This is Mathieu’s equation, and its solution in terms of known functions can be obtained in two limiting cases: \(\omega t \ll 1\) and \(\bar n \ll 1\). At short times and high temperatures the solution of equation (11) can be written in the form

\[ G(t)=e^{-bt^2/2}\left\{\,_1F_1\left(\frac{b-a}{4b},\,\frac{1}{2},\,bt^2\right) +i\,\frac{2A^2}{\omega}\,t\,_1F_1\left(\frac{3b-a}{4b},\,\frac{3}{2},\,bt^2\right)\right\}; \tag{12} \]

here \(_1F_1(\ldots)\) is the confluent hypergeometric function; \(a=2A^2\bar n\); \(b^2=A^4\omega^2\bar n\).

In writing (12) the initial conditions were taken into account

\[ G(0)=1,\qquad iG'\big|_{t=0}=2A^2/\omega . \tag{13} \]

The second of conditions (13) follows from the equations of motion (3). In the case of low temperatures the solution of (11) is a linear combination of the Bessel functions \(J_{4iA^2}(2iAe^{-i\omega t/2}/\omega)\) and \(J_{-4iA^2}(2iAe^{-i\omega t/2}/\omega)\). The unknown coefficients can again be found from (13).

As was already indicated, Hamiltonian (1), by virtue of its simplicity, makes it possible to obtain an exact expression for \(G(t)\). Indeed, since \(a^2=0\), \(a^{+2}=0\), \(\langle a^+a\rangle=1\), \(\langle aa^+\rangle=0\), we have

\[ G(t)=\left\langle \exp itH\cdot \exp\left[-i\omega t\sum_q b_q^+b_q\right]\right\rangle, \]

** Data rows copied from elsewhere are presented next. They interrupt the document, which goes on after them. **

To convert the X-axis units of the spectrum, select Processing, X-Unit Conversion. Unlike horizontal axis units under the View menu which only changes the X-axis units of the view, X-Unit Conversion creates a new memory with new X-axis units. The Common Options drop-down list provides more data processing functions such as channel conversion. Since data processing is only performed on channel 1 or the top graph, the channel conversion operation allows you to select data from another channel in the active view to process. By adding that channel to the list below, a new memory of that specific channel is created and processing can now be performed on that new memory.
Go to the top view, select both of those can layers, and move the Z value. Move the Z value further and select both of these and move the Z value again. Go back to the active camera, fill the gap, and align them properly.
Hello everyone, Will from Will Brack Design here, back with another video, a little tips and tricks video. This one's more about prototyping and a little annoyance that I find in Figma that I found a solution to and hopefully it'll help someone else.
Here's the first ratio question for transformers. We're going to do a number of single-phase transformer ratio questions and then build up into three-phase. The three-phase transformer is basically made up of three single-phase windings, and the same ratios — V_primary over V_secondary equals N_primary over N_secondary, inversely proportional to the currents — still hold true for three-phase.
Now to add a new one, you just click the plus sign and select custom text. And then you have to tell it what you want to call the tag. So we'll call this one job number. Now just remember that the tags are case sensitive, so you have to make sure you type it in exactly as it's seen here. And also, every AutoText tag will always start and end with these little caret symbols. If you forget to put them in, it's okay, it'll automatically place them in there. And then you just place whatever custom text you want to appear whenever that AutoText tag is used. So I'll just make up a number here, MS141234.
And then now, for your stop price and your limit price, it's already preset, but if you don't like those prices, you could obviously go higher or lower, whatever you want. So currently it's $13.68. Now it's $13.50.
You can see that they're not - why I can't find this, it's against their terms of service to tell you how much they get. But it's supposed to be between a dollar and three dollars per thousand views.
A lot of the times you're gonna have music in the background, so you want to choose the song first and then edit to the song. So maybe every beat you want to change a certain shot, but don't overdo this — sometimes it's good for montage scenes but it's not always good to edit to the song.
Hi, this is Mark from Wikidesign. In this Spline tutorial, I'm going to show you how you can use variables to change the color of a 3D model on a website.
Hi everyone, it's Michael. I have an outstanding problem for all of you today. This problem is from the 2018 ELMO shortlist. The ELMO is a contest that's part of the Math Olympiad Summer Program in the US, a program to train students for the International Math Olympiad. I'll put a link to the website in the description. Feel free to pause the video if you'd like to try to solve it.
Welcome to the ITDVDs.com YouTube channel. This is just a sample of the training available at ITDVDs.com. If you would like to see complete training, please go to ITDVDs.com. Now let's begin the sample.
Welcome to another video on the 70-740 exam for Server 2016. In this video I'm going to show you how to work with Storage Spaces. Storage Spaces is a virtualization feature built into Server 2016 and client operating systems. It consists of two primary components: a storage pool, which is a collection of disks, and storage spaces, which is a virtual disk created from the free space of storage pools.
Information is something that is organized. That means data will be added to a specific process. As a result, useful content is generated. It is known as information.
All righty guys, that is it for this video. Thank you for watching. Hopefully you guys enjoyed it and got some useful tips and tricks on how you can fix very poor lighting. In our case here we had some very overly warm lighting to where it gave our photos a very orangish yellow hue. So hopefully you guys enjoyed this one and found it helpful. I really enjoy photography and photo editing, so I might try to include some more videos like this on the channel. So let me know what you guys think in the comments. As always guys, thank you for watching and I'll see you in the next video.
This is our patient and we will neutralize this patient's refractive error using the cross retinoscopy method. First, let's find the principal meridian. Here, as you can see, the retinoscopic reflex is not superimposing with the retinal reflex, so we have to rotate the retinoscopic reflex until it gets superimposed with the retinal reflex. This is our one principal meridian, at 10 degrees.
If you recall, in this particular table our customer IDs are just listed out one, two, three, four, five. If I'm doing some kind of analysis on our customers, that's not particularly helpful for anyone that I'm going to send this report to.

where by \(H\) we mean the expression \(H=\omega\sum_q b_q^+b_q+\hat B\). Expanding the operator expressions and carrying out the averaging (7), we obtain

\[ G(t)=\exp \frac{A^2}{\omega^2}\,[\bar n e^{i\omega t}+(\bar n+1)e^{-i\omega t}-i\omega t]/\exp-\frac{A^2}{\omega^2}(2\bar n+1). \tag{14} \]

The exact correlation function sought satisfies the differential equation

\[ G''(t)+G(t)\left\{A^2[\bar n e^{i\omega t}+(\bar n+1)e^{-i\omega t}] +\frac{A^4}{\omega^2}\,[\bar n^2e^{2i\omega t}+(\bar n+1)^2e^{-2i\omega t}-\right. \]

\[ \left. -2\bar n(\bar n+1)-2\bar n e^{i\omega t}+2(\bar n+1)e^{-i\omega t}]\right\}=0. \tag{15} \]

Comparison of (15) with (11) shows that, at high temperatures and strong coupling, different-time decouplings lead, for the Fourier transform of the correlation function sought, to a completely exact result. This becomes obvious if, in calculating the Fourier transform of (14), one uses the saddle-point method. At high temperatures the first saddle point, which determines the principal contribution, corresponds to the value \(t\approx 0\); in the neighborhood of the saddle point, equations (15) and (11) coincide. Since the initial conditions (13) are specified at the same point, it follows that in this case different-time decouplings lead to a result coinciding with the exact one.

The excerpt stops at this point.